FIG. 46 illustrates a tone plan of a 80 MHz channel according to a
sixth embodiment of the present invention. In FIG. 46, for the
purposes of description, illustration of a left/right guard tone
and DC tone is omitted. Also, the same descriptions of FIGS. 36 and
37 may be applied to FIG. 46 in the same or similar manner.
Referring to FIG. 46, the 80 MHz channel may include at least one
resource unit, twelve left guard tones, eleven right guard tones,
and seven DC tones.
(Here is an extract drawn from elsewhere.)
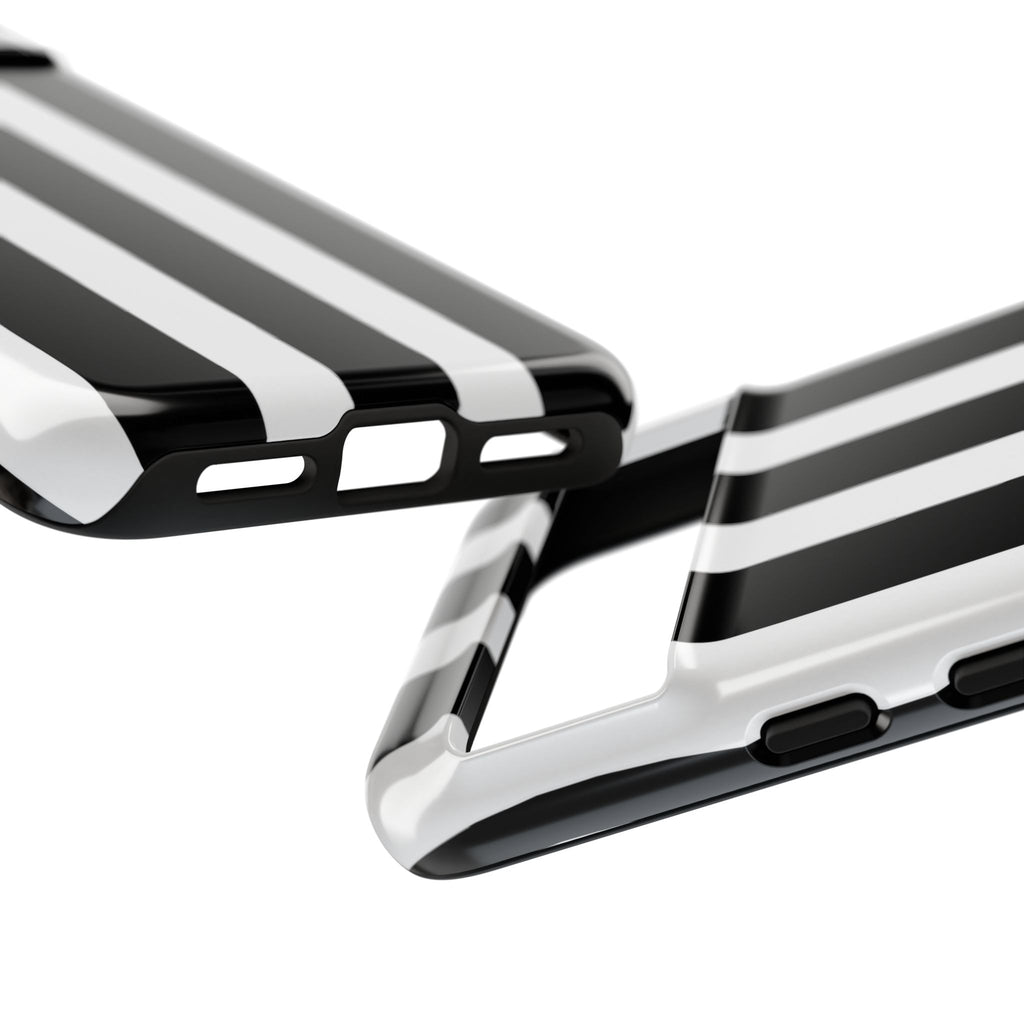 Black & White Vertical Stripe Phone Case — Tough Protective iPhone Cover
In addition, the 80 MHz channel may further
include leftover tones positioned to be adjacent to the resource
unit.
Also, in this embodiment, as described above, resource units of a
small tone unit may be classified as one resource unit of a larger
tone unit together with a leftover tone, and resource units of a
large tone unit may be divided into resource units of a smaller
tone unit and a leftover tone. Thus, the tone plans of the 80 MHz
channel may be variously derived as an embodiment in which the tone
plans illustrated in this drawing are combined with each other, as
well as the tone plans illustrated in this drawing.
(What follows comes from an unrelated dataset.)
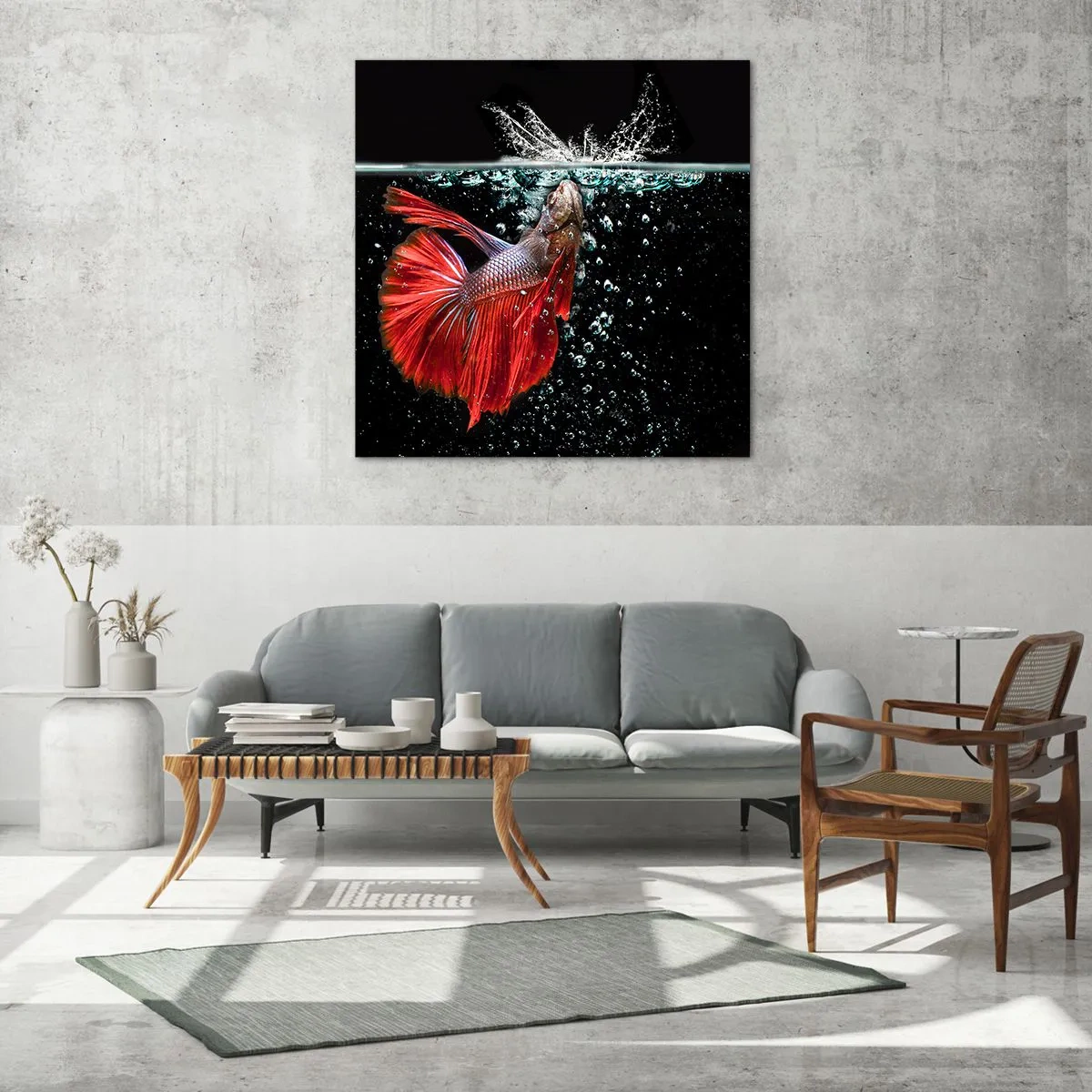 Impression sur verre - Image sur verre - Vous avez trois vœux - 40x40 cm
FIG. 47 illustrates PAPR values by resource units of a sixth
embodiment.
When the 2.times.HE-STF sequence defined in Equation 17 is applied
to the tone plan of the 80 MHz channel according to the sixth
embodiment, PAPR values were measured as illustrated in FIG. 47. In
FIG. 47, values of the respective spaces indicate PAPR measurement
values of resource units corresponding to the positions of the
respective spaces. Specifically, FIG. 47(a) illustrates PAPR
measurement values of resource units positioned on the left based
on the DC tones, and FIG. 47(b) illustrates PAPR measurement values
of resource units positioned on the right based on the DC
tones.
Although not shown, a PAPR value of the 26-tone resource unit
(13+13) positioned at the center was measured as 3.01 and a PAPR
value of the 996-tone resource unit was measured as 5.52. Referring
to FIG. 47, it can be seen that PAPR values of all the resource
units were measured to be very low, i.e., 5.53 or lower.
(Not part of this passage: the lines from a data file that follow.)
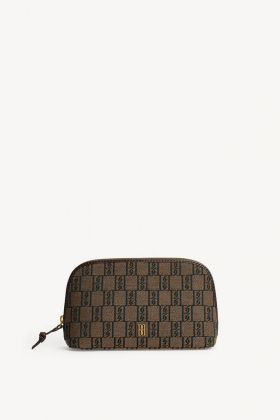 Cara small cosmetics case, Bison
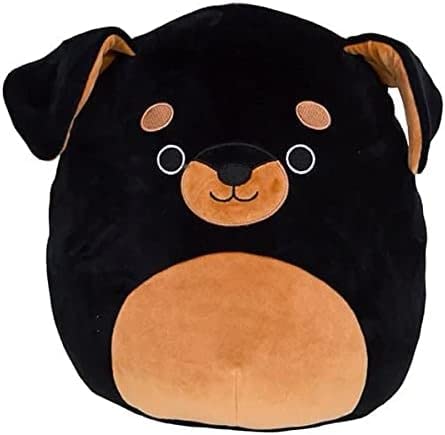 Squishmallows Squishmallow Kellytoy Plush Pets Squad Dogs Cats Bunnies Frogs Squishy Soft Plush Toy Animals (Black/Brown, Mateo Rotweiler Dog, 12 Inch) von Squishmallows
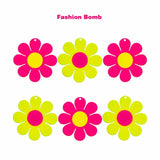 (10pcs/bag) Red Yellow Acrylic Tropical Style Pendants DIY Earrings Necklace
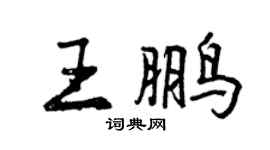 曾慶福王鵬行書個性簽名怎么寫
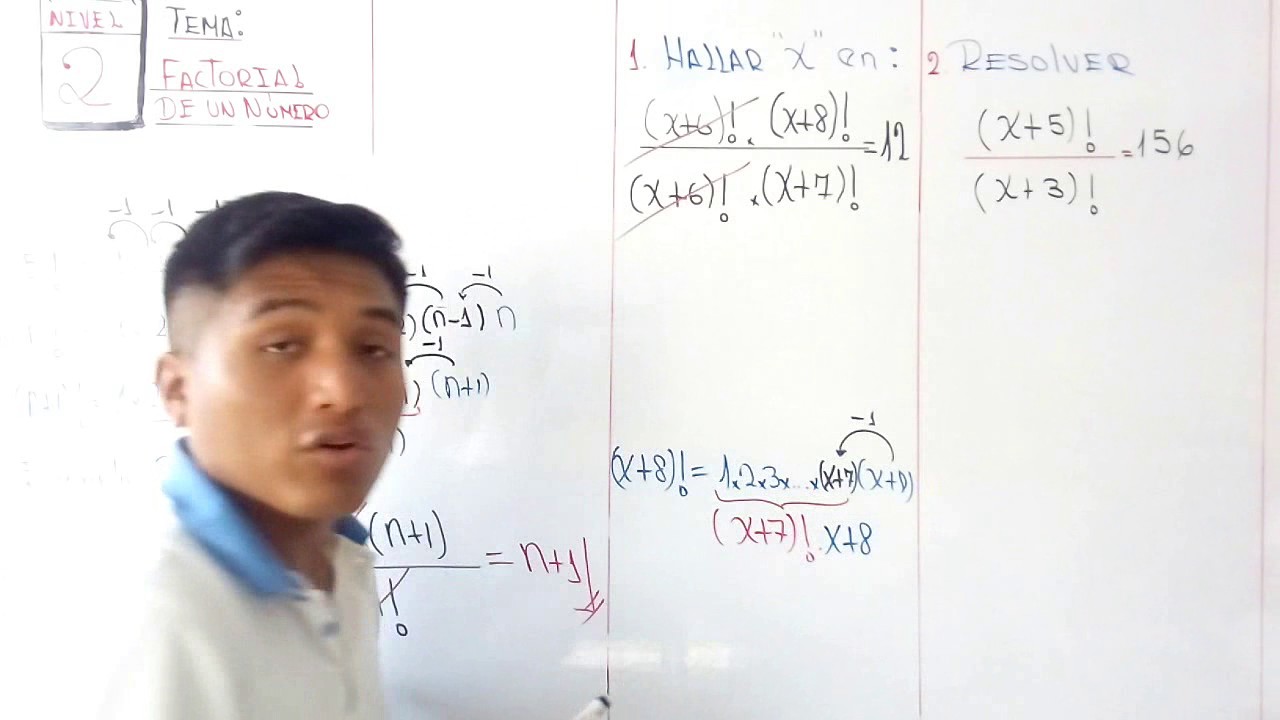 FACTORIAL DE UN N MERO 2 NIVEL A YouTube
FIG. 48 illustrates a tone plan of a 80 MHz channel according to a
seventh embodiment of the present invention. In this drawing, for
the purposes of description, illustration of a left/right guard
tone and a DC tone is omitted. Also, the same descriptions as those
of FIGS. 36 and 37 may be applied to FIG. 48 in the same or similar
manner.
Referring to FIG. 48, the 80 MHz channel may include at least one
resource unit, twelve left guard tones, eleven right guard tones,
and seven DC tones. In addition, the 80 MHz channel may further
include leftover tones positioned to be adjacent to the resource
unit.
Also, in the present embodiment, as described above, resource units
of a small tone unit may be classified as one resource unit of a
larger tone unit together with a leftover tone, and resource units
of a large tone unit may be divided into resource units of a
smaller tone unit and a leftover tone. Thus, the tone plans of the
80 MHz channel may be variously derived as an embodiment in which
the tone plans illustrated in this drawing are combined with each
other, as well as the tone plans illustrated in this drawing.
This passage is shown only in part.